ASSIGNED TASK. The expected answer is the data below, printed verbatim without its pictures.

SUPPLIED INFORMATION.
☆ ☆ ☆ ☆ ☆

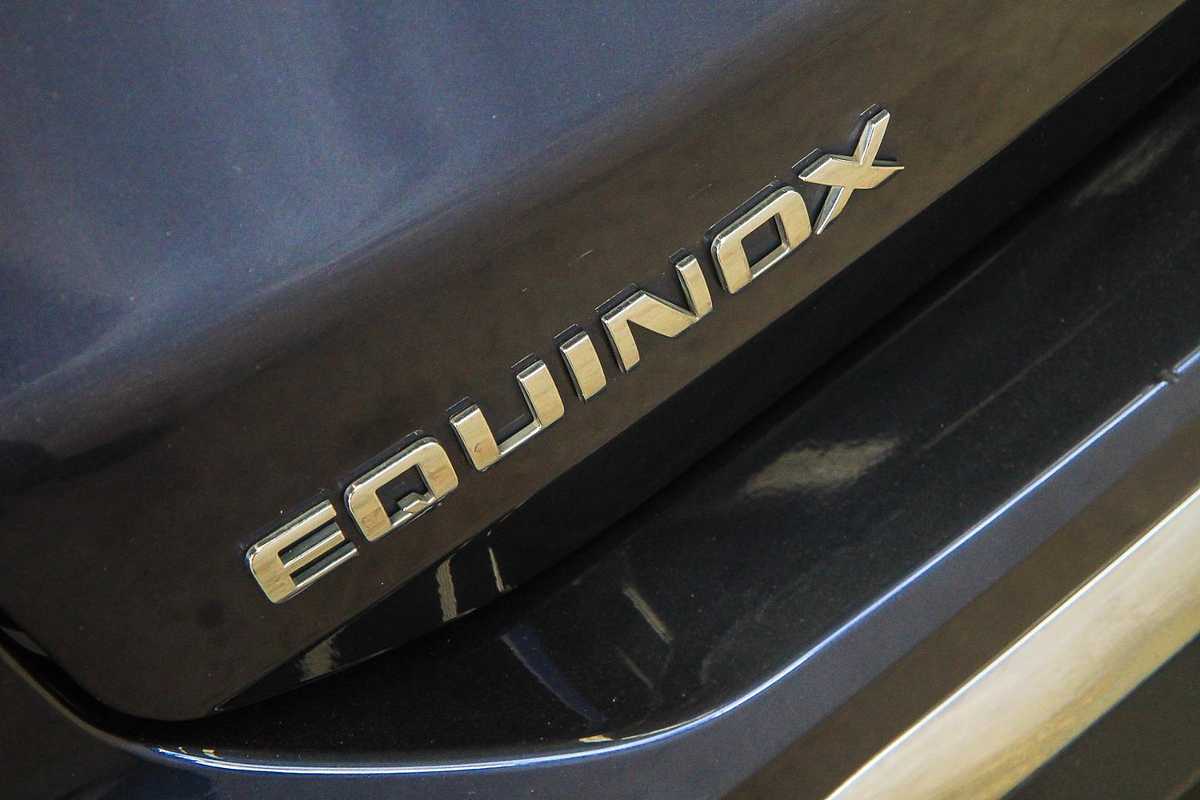 2018 Holden Equinox LTZ EQ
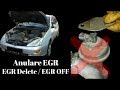 Cum anulezi EGR Ford Focus - Anulare EGR cu tablă - EGR Off - EGR Delete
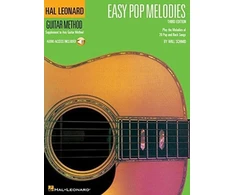 KNYGA Bookshop Easy Pop Melodies - Third Edition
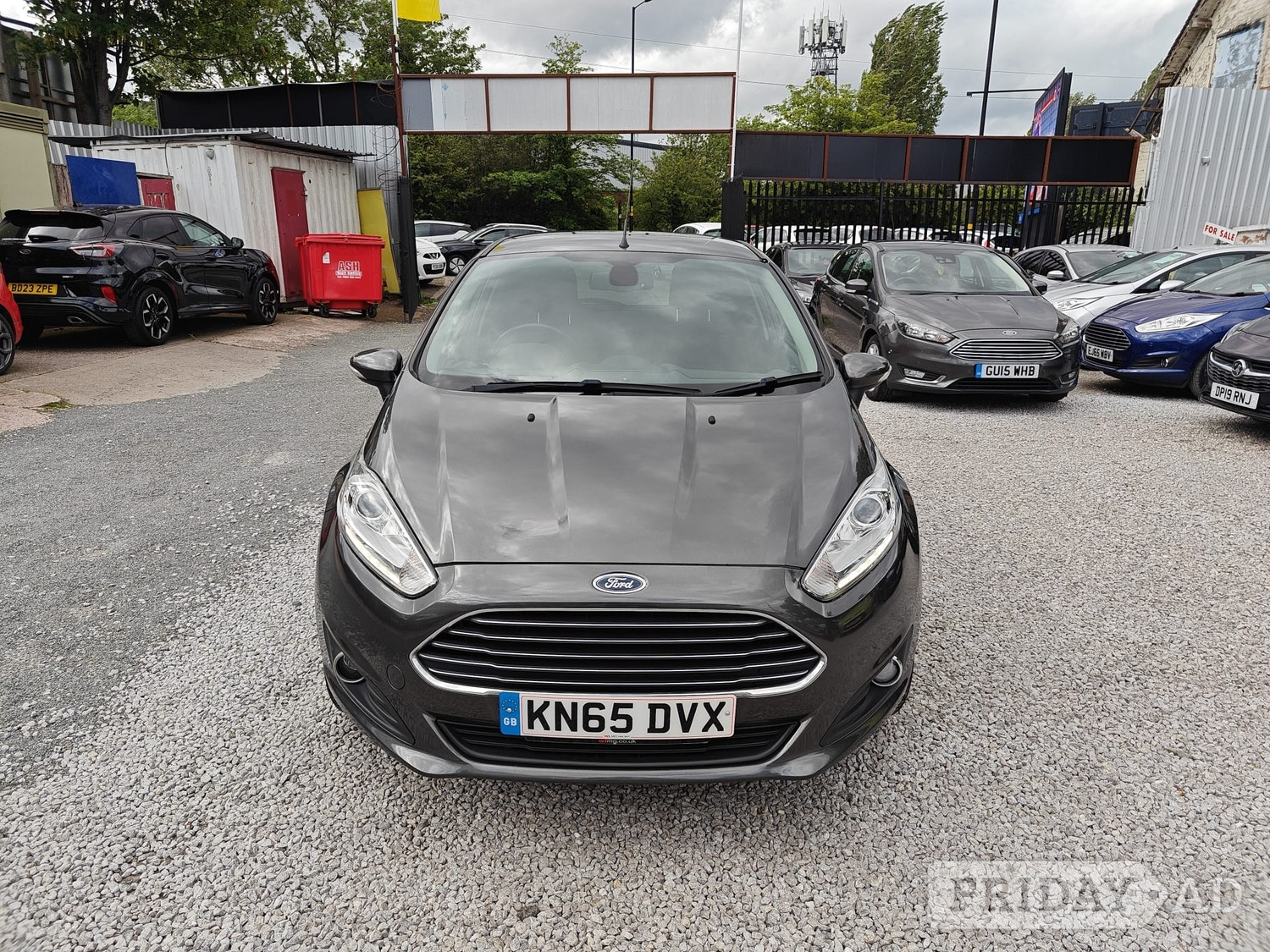 Ford Fiesta Birmingham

☆ ☆ ☆ ☆ ☆

COMPLETED EXERCISE.
 2018 Holden Equinox LTZ EQ
 Cum anulezi EGR Ford Focus - Anulare EGR cu tablă - EGR Off - EGR Delete
 KNYGA Bookshop Easy Pop Melodies - Third Edition
 Ford Fiesta Birmingham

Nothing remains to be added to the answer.